Et c’était vrai, parce qu’aucun agent du FBI n’avait jamais réussi à devenir affranchi. Si j’y arrivais, ma mission d’infiltration prendrait une autre dimension.
Sauf qu’après, tout s’est très vite enchaîné…

Au cours de plusieurs conversations, j’entendais en effet que les choses s’envenimaient au sein de la famille Bonanno. Il y avait apparemment des tensions entre deux factions de la famille :

  • L’une dans laquelle je faisais partie, qui comprenait le big boss Rusty Rastelli, Steve Cannone (le consigliere), et les capitaines Sonny Black et Joe Massino.
  • Et l’autre, dans laquelle comptaient les capitaines Cesare Bonventre, Philip Giaccone dit « Philly Lucky », Dominick « Big Trin » Trinchera, Alphonse Indelicato, surnommé « Sonny Red » et son fils, Anthony Bruno Indelicato.

Le différend remontait à l’époque du meurtre de Galante, lorsque les deux factions s’étaient disputé la place de chef dans la famille.
Un différend qui était sur le point de déclencher une guerre, mais fort heureusement, ils n’en sont pas arrivés là.
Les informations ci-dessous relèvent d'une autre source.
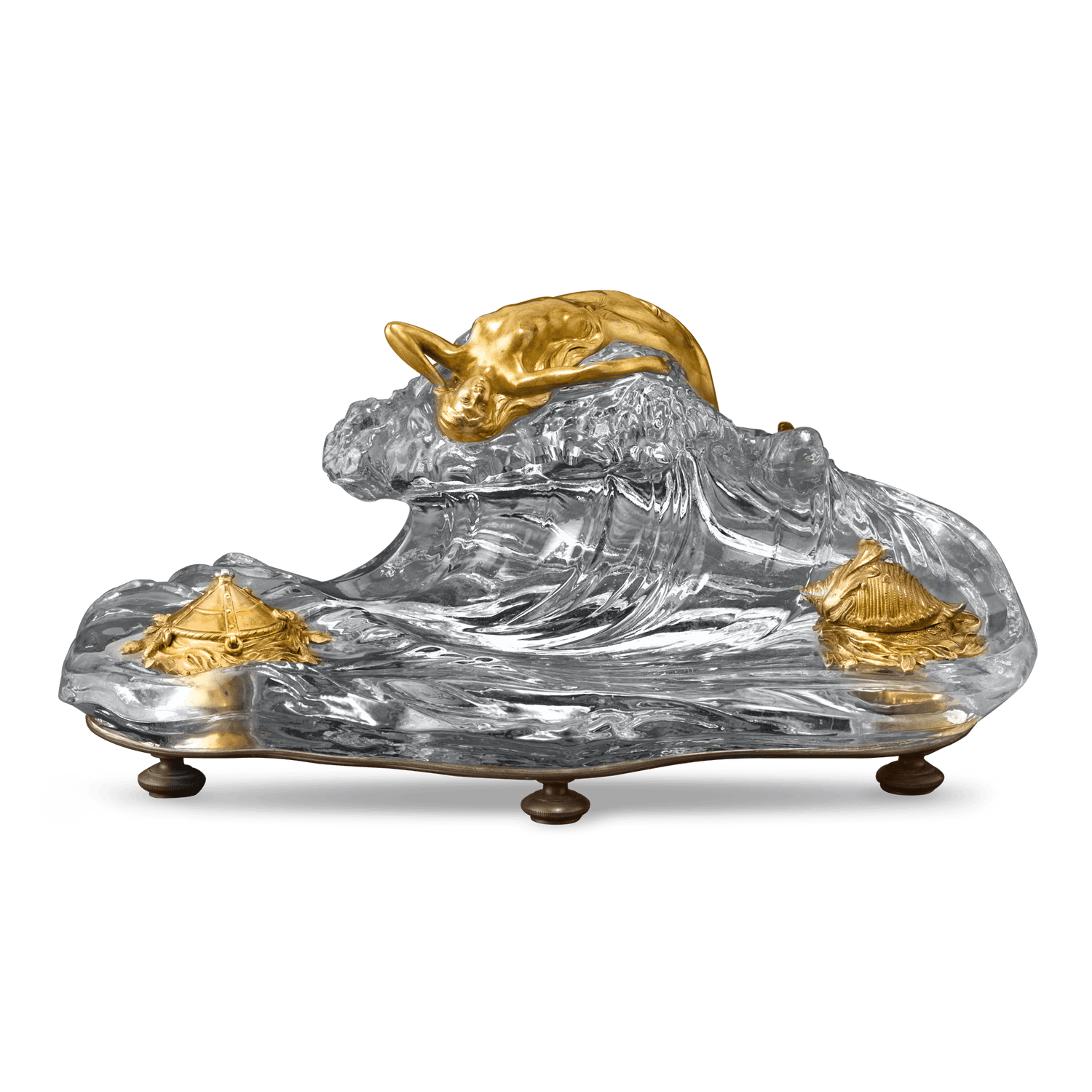 The crashing wave of this outstanding inkwell is carved Baccarat crystal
La diplomatie avait été privilégiée au bain de sang et un entretien allait être fixé pour trouver un compromis.
Une première réunion avait été alors planifiée mais elle n’a jamais eu lieu. Ils en ont du coup organisé une deuxième, et c’est là que les choses ont pris une tout autre tournure…

C’était le 5 mai 1981.
Alphonse « Sonny Red » Indelicato, « Philly Lucky » Giaccone et Dominick « Big Trin » Trinchera se sont rendus dans un restaurant de Brooklyn pour apaiser les tensions qu’il y avait entre leur faction et celle de Rusty Rastelli et Sonny Black.
Arrivés là-bas, ils sont emmenés dans la réserve de l’établissement quand soudain des hommes dissimulés dans des placards sont sortis de leur cachette et les ont abattu à coups de fusil et de pistolet.
Sonny Black, John « Boobie » Cerasani, Joe Massino et six autres hommes des Bonanno auraient été impliqués dans le meurtre.
Suite à cela, les corps avaient été enterrés dans un terrain vague et le noyau dur qui constituait l’opposition à Rusty Rastelli et Sonny Black ne fut plus que de l’histoire ancienne.
Cependant, il en manquait un sur la liste, et ce n’était pas Cesare Bonventre, parce que lui purgeait une peine pour port d’arme prohibé à ce moment-là.
Non, il s’agissait du fils de Sonny Red, Bruno Indelicato.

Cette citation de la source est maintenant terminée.